/scrape API
The scrape API allows for getting the contents a page, by specifying selectors you are interested in, and returning a structured JSON response. We also allow for setting a timeout option for asynchronously added elements.
The default behavior is to navigate to the URL specified, wait for the page to load (including parsing and executing of JavaScript), then waiting for the elements for a maximum of 30 seconds. All of these are configurable, and documented in detail below.
At a minimum you'll need to specify at least a url
and an elements
array.
Check out this API schema defined in Swagger.
Basic Usage
Below is the most basic usage, where we'll navigate to the example.com website (waiting for page-load) and parse out all a
elements.
Internally we use document.querySelectorAll
to retrieve all matches on a page.
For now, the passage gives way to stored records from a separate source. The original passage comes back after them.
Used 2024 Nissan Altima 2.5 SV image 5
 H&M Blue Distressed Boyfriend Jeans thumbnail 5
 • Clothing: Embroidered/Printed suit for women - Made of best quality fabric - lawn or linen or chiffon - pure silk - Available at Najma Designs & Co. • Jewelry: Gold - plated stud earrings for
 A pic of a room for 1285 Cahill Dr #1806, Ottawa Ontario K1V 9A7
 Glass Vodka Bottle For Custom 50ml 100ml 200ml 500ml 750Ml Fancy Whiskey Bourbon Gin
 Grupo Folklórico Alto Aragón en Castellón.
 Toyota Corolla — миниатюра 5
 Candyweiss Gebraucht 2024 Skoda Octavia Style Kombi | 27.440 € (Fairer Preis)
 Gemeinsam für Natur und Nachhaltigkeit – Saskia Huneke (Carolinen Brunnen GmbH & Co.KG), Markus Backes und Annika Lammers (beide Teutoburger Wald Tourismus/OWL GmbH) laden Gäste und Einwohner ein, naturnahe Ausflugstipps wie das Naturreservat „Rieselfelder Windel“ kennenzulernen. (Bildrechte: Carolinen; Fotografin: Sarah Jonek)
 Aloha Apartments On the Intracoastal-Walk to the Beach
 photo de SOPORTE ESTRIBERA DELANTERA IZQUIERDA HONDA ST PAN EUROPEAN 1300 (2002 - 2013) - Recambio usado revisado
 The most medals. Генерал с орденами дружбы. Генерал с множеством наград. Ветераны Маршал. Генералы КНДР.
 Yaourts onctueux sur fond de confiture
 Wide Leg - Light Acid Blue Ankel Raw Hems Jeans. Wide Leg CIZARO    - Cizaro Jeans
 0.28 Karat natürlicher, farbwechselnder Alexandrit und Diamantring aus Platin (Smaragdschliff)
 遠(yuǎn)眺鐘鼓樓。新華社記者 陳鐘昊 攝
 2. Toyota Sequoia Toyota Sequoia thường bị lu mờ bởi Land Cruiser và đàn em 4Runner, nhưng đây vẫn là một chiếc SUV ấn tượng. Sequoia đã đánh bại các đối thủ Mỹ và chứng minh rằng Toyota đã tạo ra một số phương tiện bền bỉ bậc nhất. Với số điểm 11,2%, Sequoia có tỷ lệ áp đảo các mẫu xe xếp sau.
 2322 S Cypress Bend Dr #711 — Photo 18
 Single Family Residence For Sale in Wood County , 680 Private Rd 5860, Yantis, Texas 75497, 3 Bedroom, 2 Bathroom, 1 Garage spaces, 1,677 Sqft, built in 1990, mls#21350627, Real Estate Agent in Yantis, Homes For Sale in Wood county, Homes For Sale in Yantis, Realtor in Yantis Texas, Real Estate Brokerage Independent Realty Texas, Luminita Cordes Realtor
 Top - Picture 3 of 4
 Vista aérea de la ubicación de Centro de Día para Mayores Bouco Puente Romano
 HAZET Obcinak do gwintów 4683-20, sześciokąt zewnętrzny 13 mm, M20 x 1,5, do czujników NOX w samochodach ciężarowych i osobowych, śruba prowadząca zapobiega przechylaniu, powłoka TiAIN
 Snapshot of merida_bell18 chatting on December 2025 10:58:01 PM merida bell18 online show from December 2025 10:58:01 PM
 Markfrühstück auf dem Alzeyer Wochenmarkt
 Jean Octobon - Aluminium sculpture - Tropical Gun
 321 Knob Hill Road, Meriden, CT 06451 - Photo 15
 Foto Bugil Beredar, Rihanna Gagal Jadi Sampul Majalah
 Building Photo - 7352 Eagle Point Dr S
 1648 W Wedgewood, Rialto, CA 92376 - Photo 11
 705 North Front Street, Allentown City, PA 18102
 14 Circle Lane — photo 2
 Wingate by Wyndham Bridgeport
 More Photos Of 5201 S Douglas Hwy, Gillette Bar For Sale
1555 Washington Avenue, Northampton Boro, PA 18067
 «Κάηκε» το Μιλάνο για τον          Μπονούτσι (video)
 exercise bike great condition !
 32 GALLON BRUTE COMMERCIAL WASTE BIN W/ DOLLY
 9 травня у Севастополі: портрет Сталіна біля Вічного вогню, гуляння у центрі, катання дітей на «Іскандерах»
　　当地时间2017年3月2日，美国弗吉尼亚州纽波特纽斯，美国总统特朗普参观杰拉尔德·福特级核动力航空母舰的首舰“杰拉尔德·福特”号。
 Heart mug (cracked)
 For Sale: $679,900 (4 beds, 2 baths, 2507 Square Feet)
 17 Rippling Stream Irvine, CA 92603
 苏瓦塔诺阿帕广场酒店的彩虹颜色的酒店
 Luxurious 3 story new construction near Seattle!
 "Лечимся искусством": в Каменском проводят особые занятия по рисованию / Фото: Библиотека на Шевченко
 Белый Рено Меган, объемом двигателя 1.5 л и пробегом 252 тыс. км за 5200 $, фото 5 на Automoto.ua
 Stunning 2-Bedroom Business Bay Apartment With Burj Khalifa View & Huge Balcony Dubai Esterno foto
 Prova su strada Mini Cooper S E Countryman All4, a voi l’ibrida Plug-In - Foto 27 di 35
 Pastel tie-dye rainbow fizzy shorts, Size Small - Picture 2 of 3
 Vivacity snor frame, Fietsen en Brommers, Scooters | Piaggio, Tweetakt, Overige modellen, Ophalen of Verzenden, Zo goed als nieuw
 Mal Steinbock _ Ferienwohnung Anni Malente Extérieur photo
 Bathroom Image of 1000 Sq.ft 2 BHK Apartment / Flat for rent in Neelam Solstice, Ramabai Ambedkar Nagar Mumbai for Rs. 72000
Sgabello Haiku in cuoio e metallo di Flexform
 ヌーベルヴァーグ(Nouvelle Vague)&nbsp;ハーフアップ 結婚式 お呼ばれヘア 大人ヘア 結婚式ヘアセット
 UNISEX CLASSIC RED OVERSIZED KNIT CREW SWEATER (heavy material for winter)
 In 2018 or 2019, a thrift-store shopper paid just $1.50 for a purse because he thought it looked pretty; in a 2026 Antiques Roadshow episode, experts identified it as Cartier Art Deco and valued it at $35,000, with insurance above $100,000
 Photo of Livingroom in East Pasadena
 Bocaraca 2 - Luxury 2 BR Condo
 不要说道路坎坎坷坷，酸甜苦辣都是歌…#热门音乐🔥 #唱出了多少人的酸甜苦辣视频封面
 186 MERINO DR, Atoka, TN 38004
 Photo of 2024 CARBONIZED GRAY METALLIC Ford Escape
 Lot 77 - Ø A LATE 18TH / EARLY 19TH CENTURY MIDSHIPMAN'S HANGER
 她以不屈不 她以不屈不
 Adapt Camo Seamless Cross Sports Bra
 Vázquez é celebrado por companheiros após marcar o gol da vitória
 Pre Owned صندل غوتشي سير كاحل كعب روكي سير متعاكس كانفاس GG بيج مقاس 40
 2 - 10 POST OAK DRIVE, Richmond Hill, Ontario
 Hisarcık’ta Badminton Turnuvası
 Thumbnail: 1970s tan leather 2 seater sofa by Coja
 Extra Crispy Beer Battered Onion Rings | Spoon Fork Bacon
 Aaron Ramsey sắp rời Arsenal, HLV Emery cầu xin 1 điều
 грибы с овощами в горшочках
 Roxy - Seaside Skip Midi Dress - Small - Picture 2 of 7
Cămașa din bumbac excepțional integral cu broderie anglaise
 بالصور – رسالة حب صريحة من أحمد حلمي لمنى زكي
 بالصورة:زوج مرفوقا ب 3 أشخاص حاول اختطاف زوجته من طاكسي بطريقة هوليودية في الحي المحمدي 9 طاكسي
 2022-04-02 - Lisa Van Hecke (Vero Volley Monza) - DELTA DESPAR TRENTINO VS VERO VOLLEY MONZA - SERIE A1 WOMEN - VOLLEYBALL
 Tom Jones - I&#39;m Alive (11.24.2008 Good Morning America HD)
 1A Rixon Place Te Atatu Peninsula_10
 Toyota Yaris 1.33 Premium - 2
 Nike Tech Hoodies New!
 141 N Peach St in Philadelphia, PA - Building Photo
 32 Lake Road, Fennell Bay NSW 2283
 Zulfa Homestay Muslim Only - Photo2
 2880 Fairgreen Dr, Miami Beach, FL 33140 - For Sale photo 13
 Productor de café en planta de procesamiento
Using a more specific selector can narrow down the returned results.
Get the a elements on example.com
{
"url": "https://example.com/",
"elements": [
{
"selector": "a"
}
]
}
cURL request
curl -X POST \
https://chrome.browserless.io/scrape?token=MY_API_TOKEN \
-H 'Cache-Control: no-cache' \
-H 'Content-Type: application/json' \
-d '{
"url": "https://example.com/",
"elements": [{
"selector": "a"
}]
}'
Once ran, this will return a JSON payload of the following. We return the innerHTML
and innerText
of all matched selectors, as well as all their attributes
. In the case of the above call, this will return:
{
"data": [
{
"selector": "a",
"results": [
{
"html": "More information...",
"text": "More information...",
"attributes": [
{
"name": "href",
"value": "https://www.iana.org/domains/example"
}
]
}
]
}
]
}
Specifying page-load behavior
The scrape API allows for setting specific page-load behaviors by setting a gotoOptions
in the JSON body. This is passed directly into puppeteer's goto()
method.
In the example below, we'll set a waitUntil
property and a timeout
Get the H1 elements on example.com with custom goto options
{
"url": "https://example.com/",
"elements": [
{
"selector": "h1"
}
],
"gotoOptions": {
"timeout": 10000,
"waitUntil": "networkidle2"
}
}
This will now force selectors to be collected after the network has been idle for 2 seconds, and we'll timeout the request after 10 seconds.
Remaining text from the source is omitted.